De eerste stap in de vleesverwerking blijft echter de slachterij. “Ook daar stellen we een nijpend tekort vast aan infrastructuur die openstaat voor korteketenproducenten. Daarom ondersteunt het Agentschap Landbouw en Zeevisserij initiatieven die de toegang verbeteren. Zo wordt momenteel met steun van het Vlaams Landbouwinvesteringsfonds (VLIF) een specifiek korteketenslachthuis gebouwd en kreeg ook de mobiele slachteenheid, die deze zomer officieel door het FAVV werd erkend, reeds Vlaamse ondersteuning. Daarnaast kunnen landbouwers of samenwerkingsverbanden die investeren in een eigen uitsnijderij rekenen op VLIF-investeringssteun tot 40%”, duidde minister Brouns.

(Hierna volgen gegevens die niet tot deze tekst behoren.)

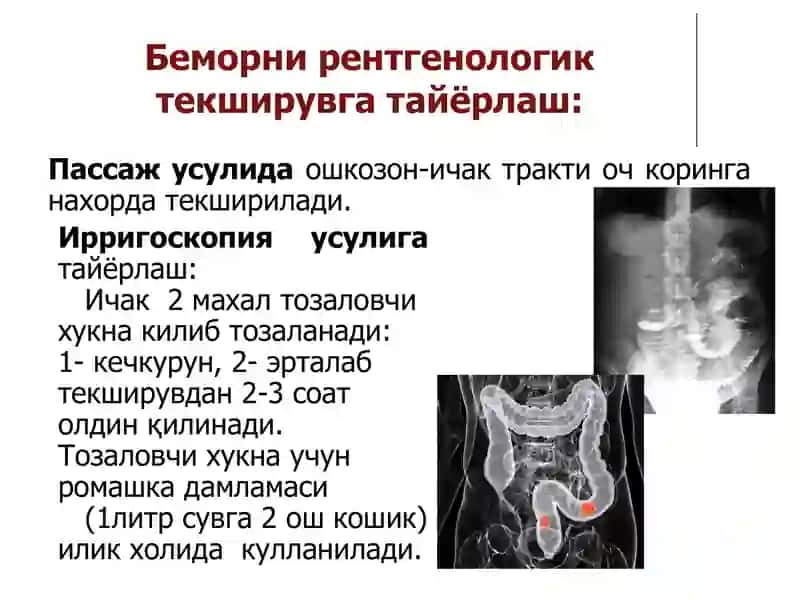 hazm tizimi Рентгенологик текширув усуллари 3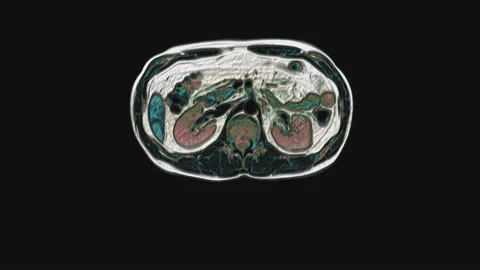 Bulk multicolored CT scan of the abdomen. Computed tomography of the Stock Footage 197382906
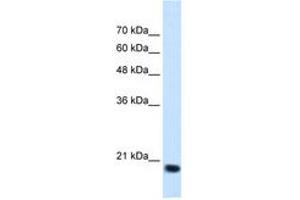 Image no. 2 for anti-Signal Sequence Receptor, beta (Translocon-Associated Protein Beta) (SSR2) (N-Term) antibody (ABIN205080) (SSR2 抗体  (N-Term))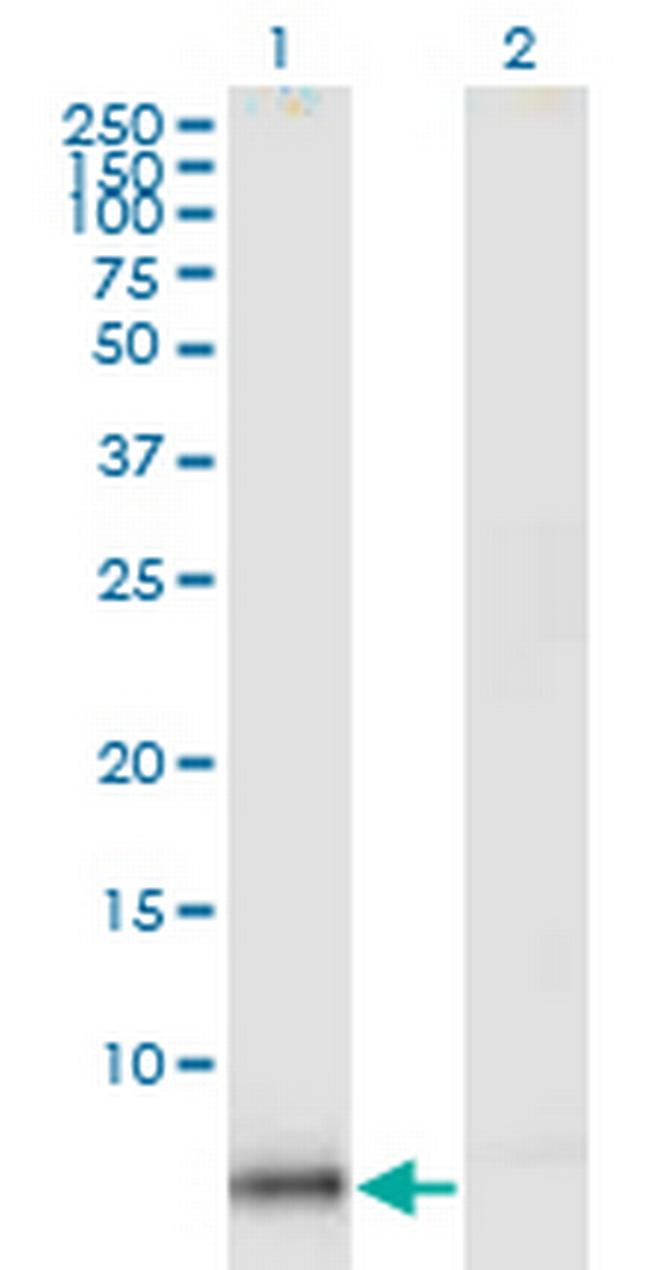 KIR3DX1 Antibody in Western Blot (WB)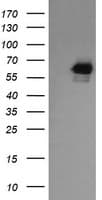 Monoclonal Mouse anti-Human RIOK2 Antibody (clone OTI3E11, IHC, IF, WB)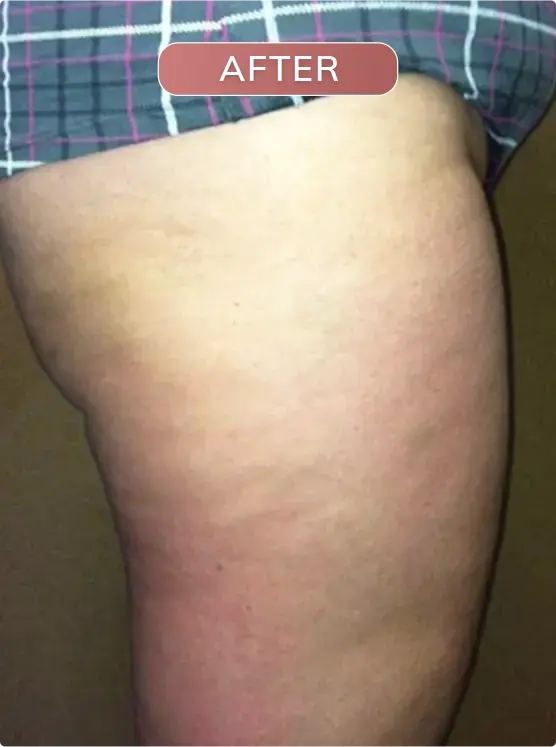 After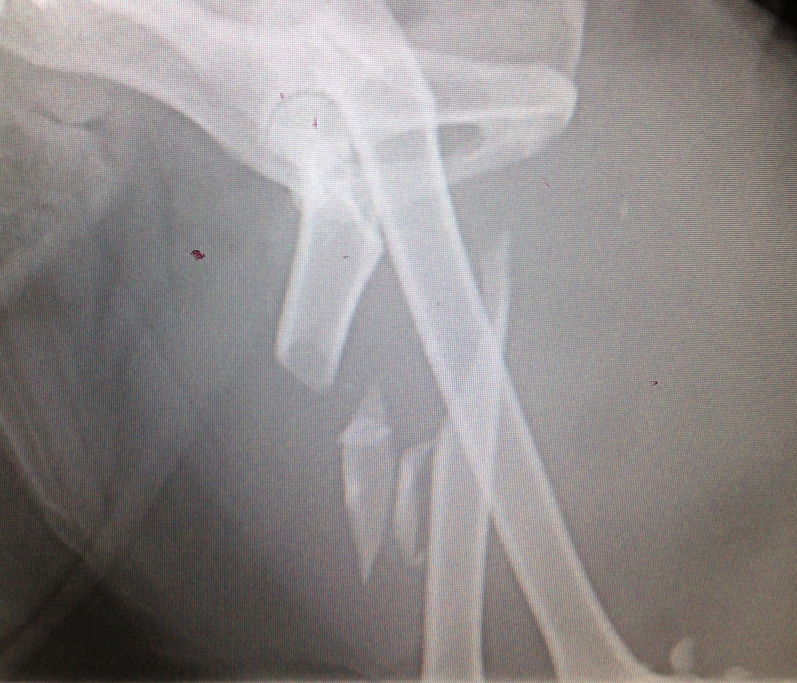Geoffrey&rsquo;s Fracture Repair by Dr Sam Haynes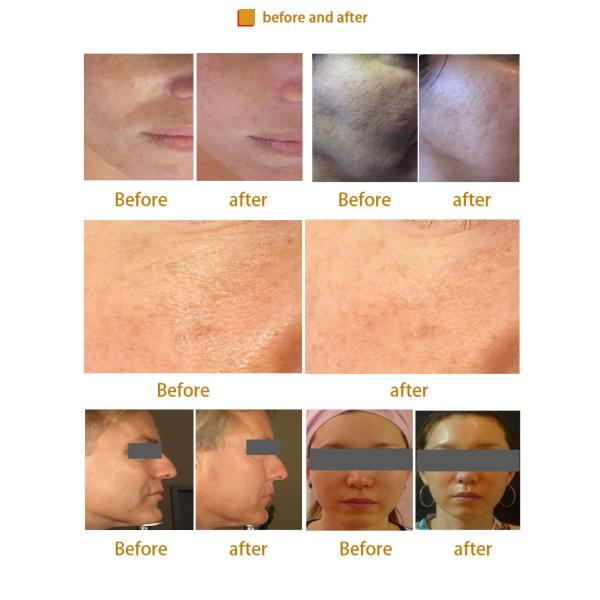 LDM Ultrasound Machine Removing Facial Swelling Skin Salon Beauty Equipment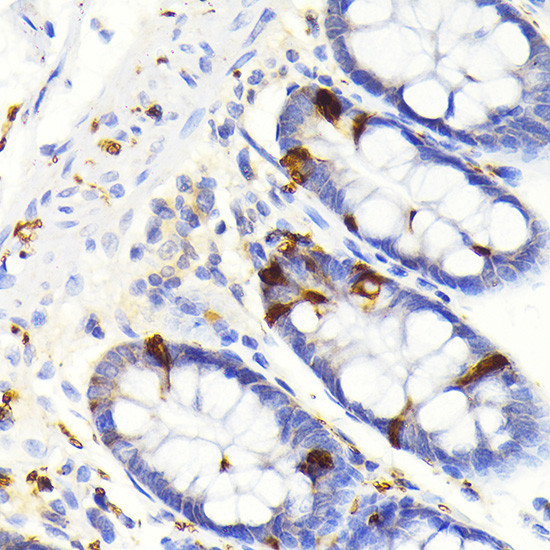 SCGN Antibody in Immunohistochemistry (Paraffin) (IHC (P))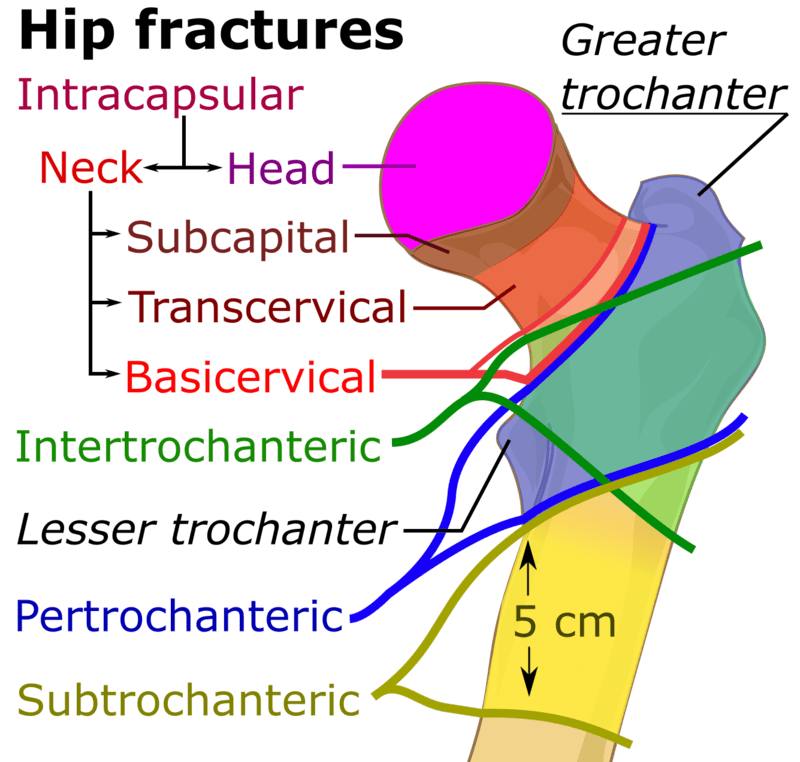 고관절 무혈성괴사증(AVN), 대퇴경부골절 (femur neck fx.) xray : 네이버 블로그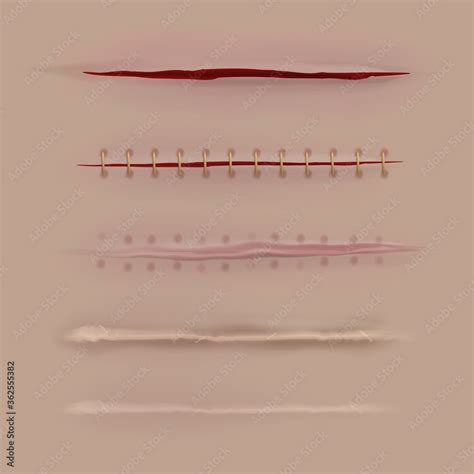 Surgical sutures healing stages. Realistic bloody wound and stitch ...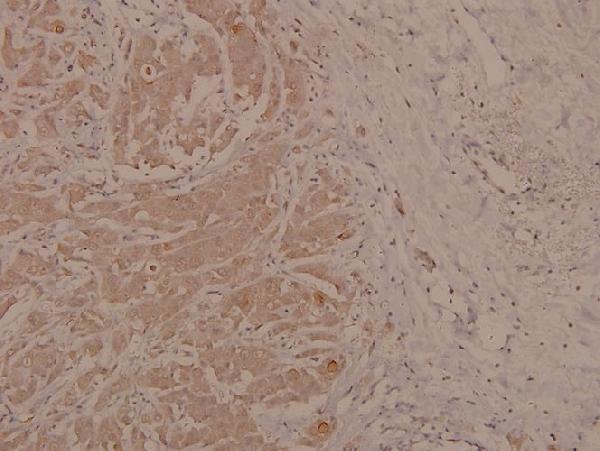 Immunohistochemistry (IHC) analyzes of p-p73 (Y99) pAb in paraffin-embedded human breast carcinoma tissue at 1:100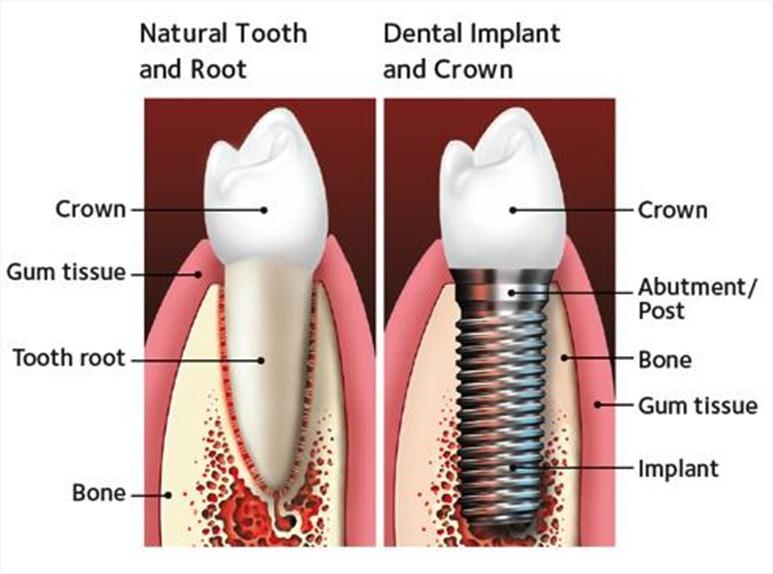 Step By Step Guide Divulging The Procedure of Dental Implant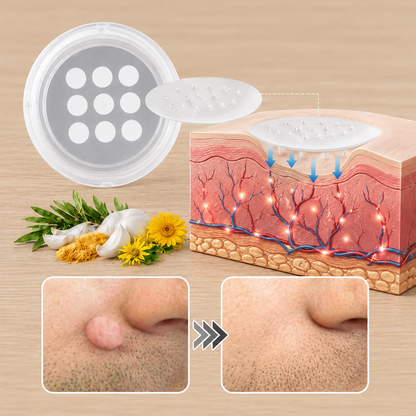 Hiskin ® 2-in-1 Microneedle & Hydrocolloid Patch | Removes raised moles, acne, flat warts, and skin tags | Helps improve wrinkles, scars, and blemishes | Invisible patches for face and body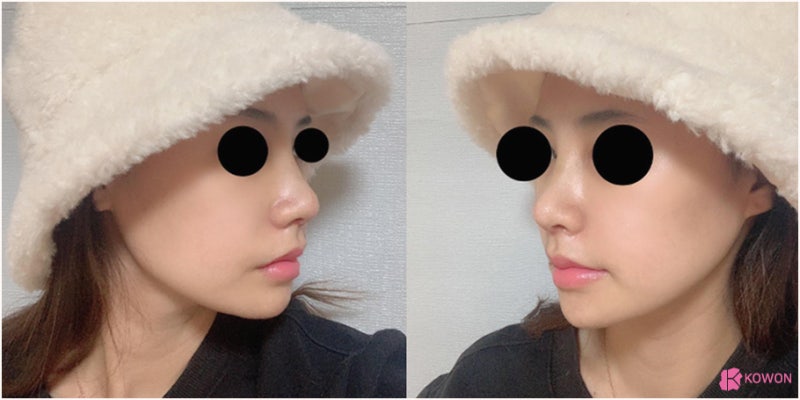 비중격만곡증성형외과 직반버선코 수술 경과 사진 9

Eisen niet afgestemd op hoeveslager

Volgens de minister botst de vleesverkoop in de korte keten vandaag de dag op een regelgevend kader dat onvoldoende rekening houdt met de schaal en de realiteit van kleinschalige uitsnijderijen. “Het FAVV beschouwt zo’n uitsnijderij momenteel nog altijd als een industrieel bedrijf waar dagelijks honderden karkassen worden verwerkt, hoewel dat niet de realiteit is. De daaruit voortvloeiende eisen zijn terecht streng, maar niet afgestemd op een hoeveslager die naast zijn toegelaten vleeswinkel ook een erkenning wenst om vlees van collega-veehouders uit te benen en te versnijden. Vaak gaat het om heel beperkte volumes, zogenoemde microslachthuisjes.”

Proportionele versoepelingen

“Een erkenning vergt bovendien bijkomende investeringen in infrastructuur, terwijl de huidige frequentie van controles en productanalyses niet aangepast is aan kleinschalige activiteiten. Uiteraard moeten voedselveiligheid en hygiëne ook hier aan de hoogste standaarden voldoen. Daarover bestaat geen enkele discussie. Het gaat echter om een differentiatie in vorm en in frequentie van de verplichtingen, niet in de norm zelf. Het FAVV heeft in het project al bereidheid getoond om mee te denken over proportionele versoepelingen zolang de Europese regels inzake voedselveiligheid gerespecteerd blijven, wat vanzelfsprekend ook het uitgangspunt is”, besloot minister Brouns.